SK 46

 

 

Scheda di Fox

 

 

 

Verso il 1940 l’esercito elvetico sentì la necessità di dare in dotazione ai propri soldati un’arma che fosse al passo coi tempi, visto che altre nazioni dotavano i militi con fucili semiautomatici o automatici.  A questo scopo fu dato incarico alla SIG di progettare e realizzare un fucile che potesse essere alla pari con i progetti allora in cantiere e in uso all’estero e così nacque la carabina  SK46 o Semiautomathisch Karabiner 46.

Furono realizzati 18 esemplari in due calibri: 7.5x55 Swiss alias GP11 e il secondo in 8x57J, del primo ne fecero 13 esemplari del secondo solo 5.

Sfortunatamente questa arma presentò molti punti a suo sfavore, soprattutto quando si procedeva allo smontaggio per la pulizia dopo l’uso.  Infatti non è molto semplice rimontare questa culatta, e poi anche l’operazione di reinserimento nell’arma non è così evidente quanto possa sembrare.

Per altro pure la capacità del caricatore non era molta, 5-6 colpi a seconda della versione.

Le versioni dell’SK46 sono da ritenersi 3, due in munizionamento standard GP11 (7.5x55 Svizzero), e una in calibro 8x57J.

La versione 8x57J montava una palla in calibro .318 spitzer e aveva un caricatore che poteva contenere 5 cartucce,  tale munizionamento era reperibile fino qualche anno fa in quanto veniva fabbricato in Svizzera anche per uso di caccia. 

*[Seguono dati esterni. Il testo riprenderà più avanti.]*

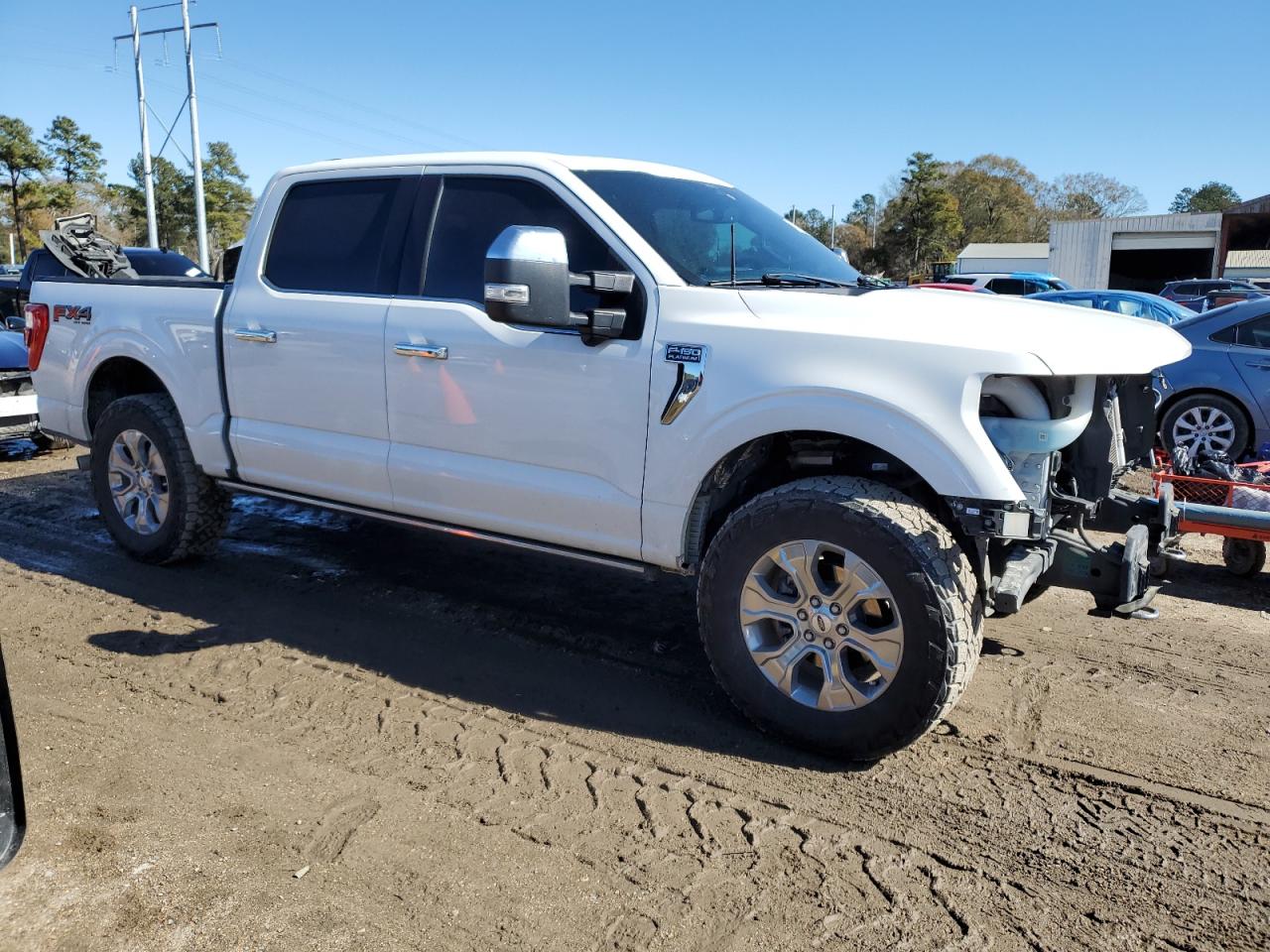 2022 Ford F-150 - Image 4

Per garantire una maggiore areazione alla canna, per farla raffreddare, vennero creati nel legno che la ricopre delle forature. Stiamo parlando di un prototipo di semiautomatico, che se fosse stato evoluto per l’esercito sarebbe stato dotato di un caricatore di capacità certo ben più elevata , di sicuro in questo caso questa miglioria avrebbe avuto un’importanza notevole.

La parte terminale delle canne dei modelli in GP11 o in 8x57J sono diverse, ciò li rende distinguibili facilmente, infatti quello con munizionamento 7.5x55 Svizzero  ha la stessa forma di quella del K31,  e monta lo stesso copricanna.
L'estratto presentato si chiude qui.